#ubuntu-us-wa 2011-12-06
<seattlegaucho> who posted the add for the podcast hw? It looks like it has been removed from craigslist … anyone?
#ubuntu-us-wa 2011-12-07
<androidbruce> #gslug
<bkerensa> wish valorie would join us too
<bkerensa> :D
<shannonlucas> valorie: bkerensa is trying to get the Oregon channel population to beat the California channel's :p
<shannonlucas> Anyone have any experience with the System76 laptops?
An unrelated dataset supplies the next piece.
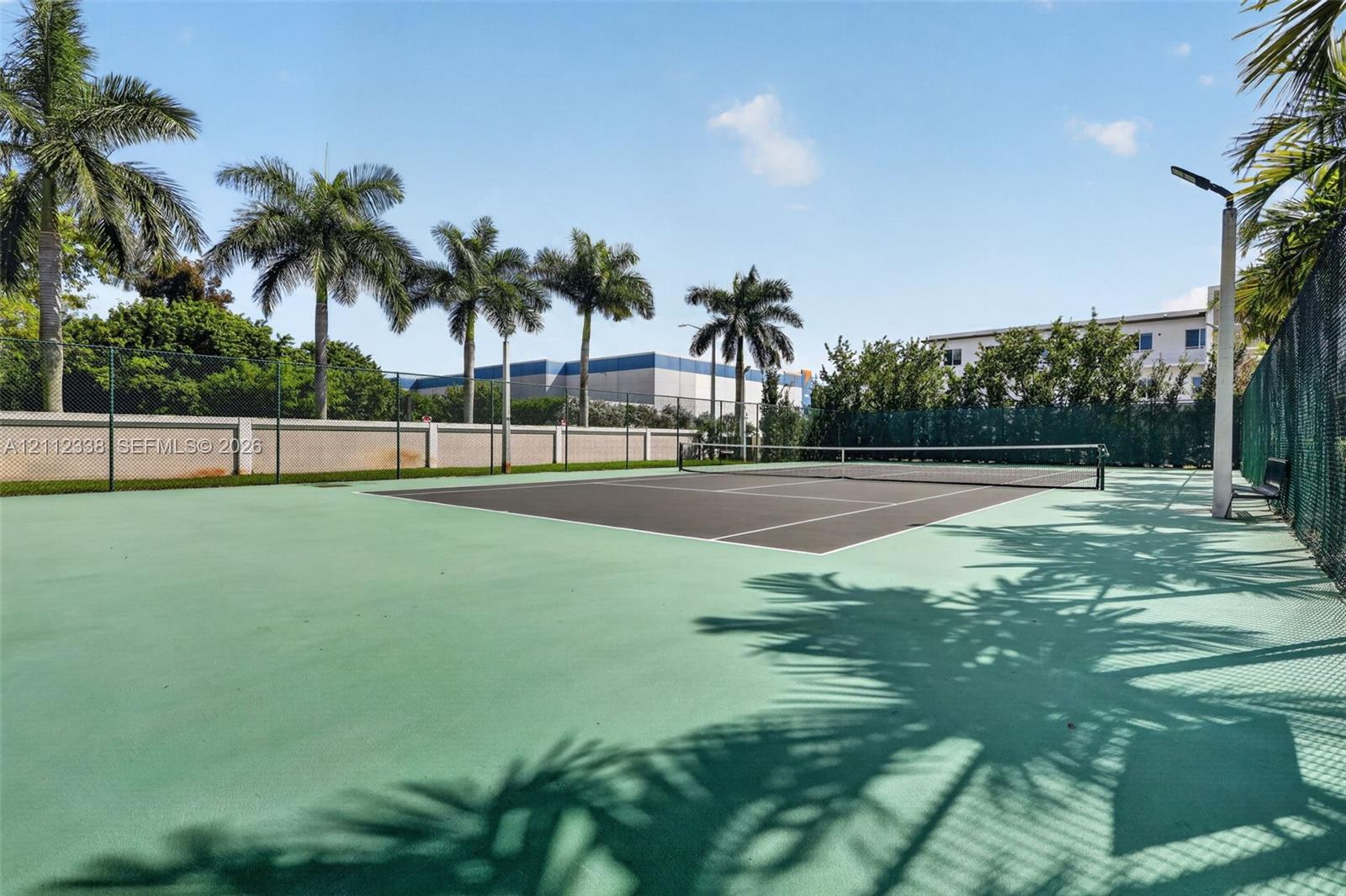 Tennis court with a high-contrast playing surface, enclosed by chain-link fencing, featuring overhead lighting and mature palm tree landscaping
<ievans3024> i got free stickers from them once
<ievans3024> i also applied to a customer support position for them, but never got a response back
<ievans3024> but i assume you've got a question about the hardware
<shannonlucas> :-p
<shannonlucas> It's getting time to replace my old laptop, and I was considering them as an option
<ievans3024> and a good one, at that
<shannonlucas> Biggest complaint I saw with the Serval was battery life being really short
<ievans3024> yeah, a lot of power/battery technologies are developed by the manufacturers and (from what i understand) rarely shared between computer manufacturers
<shannonlucas> Found a rant by someone about how they don't provide their drivers for other distros.
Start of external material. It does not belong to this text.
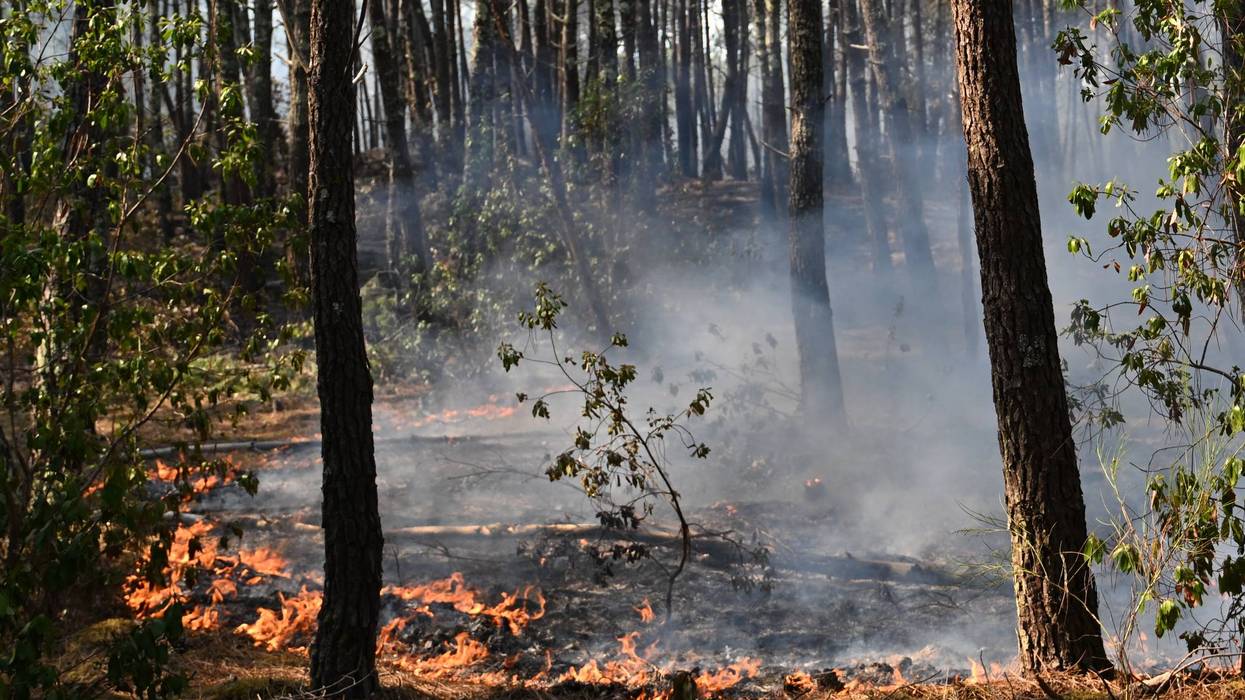 France Wildfires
<ievans3024> if you only intend on using ubuntu and you aren't concerned with software freedom, then i guess that wouldn't be such a big deal
<ievans3024> funny to me though that they would be using hardware that doesn't work on the drivers provided in ubuntu
<shannonlucas> My bigger concern is more along the lines of how long they would continue to maintain their drivers (which are open source)
<shannonlucas> My old ThinkPad still has great driver support, but it uses baseline Intel parts for everything.
<ievans3024> same as my sony
<ievans3024> good luck with your computer purchase, whatever it turns out to be
<shannonlucas> Thanks. I'll probably just agonize over it a few weeks and then just stick with what I have for a while longer. :p
#ubuntu-us-wa 2011-12-08
<anjilslaire> my local ISP just switched me from a static IP to PPoE and cut my connection from ~30mb real DL speed to ~3mb real
<anjilslaire> and says its what all local retailers are providing, after "extensive market research"
<anjilslaire> for $48 month
<anjilslaire> gee, thanks  for giving me notice.
<anjilslaire> and thats on a fiber connection
<anjilslaire> I just called my local cable provider, and switched to their 10mb cable bundled to my TV, and it's only $32 for the internet half
#ubuntu-us-wa 2011-12-09
<shannonlucas> HP is going to release webOS as open source.
<shannonlucas> http://www.marketwire.com/press-release/hp-to-contribute-webos-to-open-source-nyse-hpq-1596936.htm
<bkerensa> yeah I just blogged about that
<bkerensa> :D
<bkerensa> token gesture at best
<bkerensa> and the press release is somewhat laughable
<shannonlucas> Yeah, just saw your post
#ubuntu-us-wa 2013-12-06
<Slyfooker> ahhh, home sweet home
#ubuntu-us-wa 2013-12-07
<valorie> ok......
<ErichEickmeyer> lol
<valorie> ErichEickmeyer: are you another kubuntu user?
<valorie> I see you're on quassel
<ErichEickmeyer> At the moment, I am. I do dual-boot between Ubuntu and Kubuntu, depending on my mood.
<valorie> cool
<valorie> I mean, it's all ubuntu
<ErichEickmeyer> Very true.
<valorie> but you mean Unity and kub?
<ErichEickmeyer> Yep. Between Unity and KDE.